Exercise instructions:
When you restate the data, keep every word as it is and drop the images.

Data:

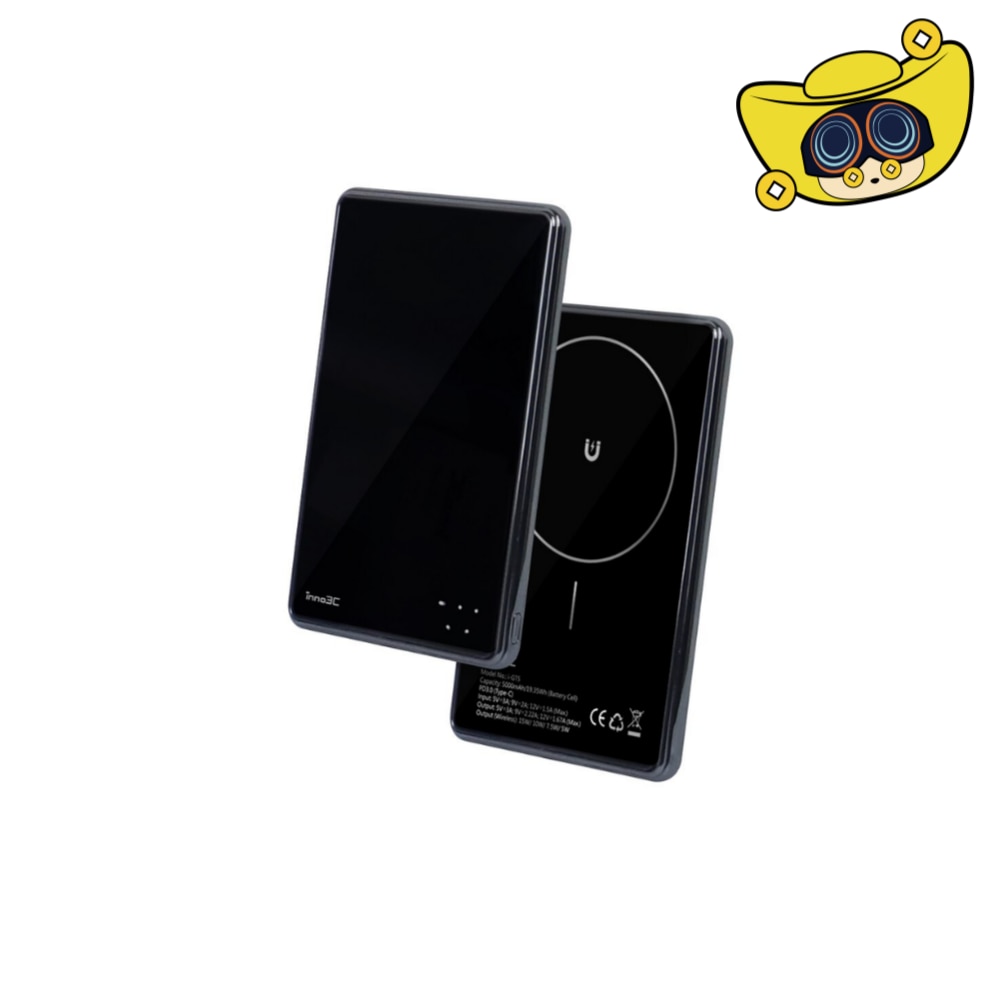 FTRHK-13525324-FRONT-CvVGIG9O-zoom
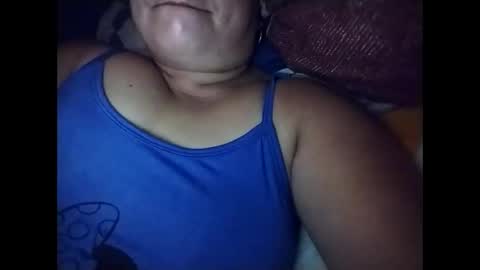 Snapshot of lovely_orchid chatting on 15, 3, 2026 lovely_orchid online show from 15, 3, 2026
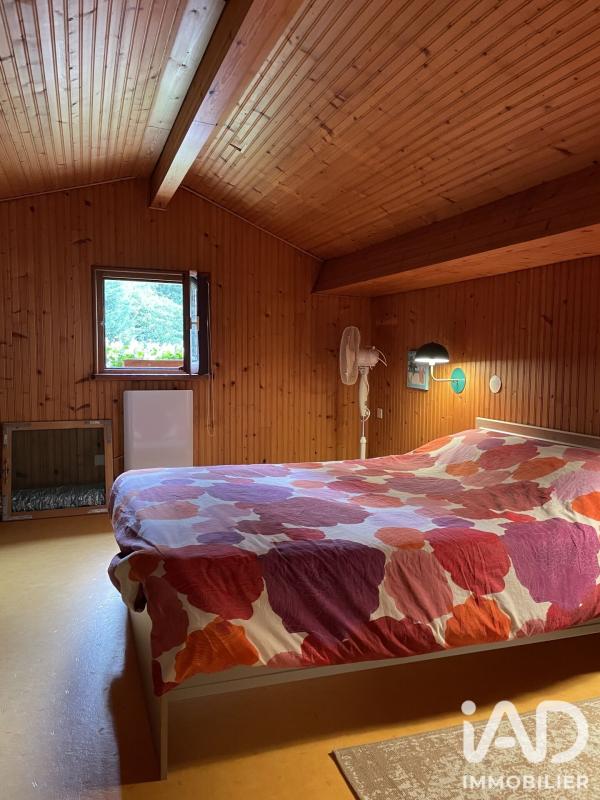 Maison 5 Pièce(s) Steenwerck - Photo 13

Response box:
 FTRHK-13525324-FRONT-CvVGIG9O-zoom
 Snapshot of lovely_orchid chatting on 15, 3, 2026 lovely_orchid online show from 15, 3, 2026
 Maison 5 Pièce(s) Steenwerck - Photo 13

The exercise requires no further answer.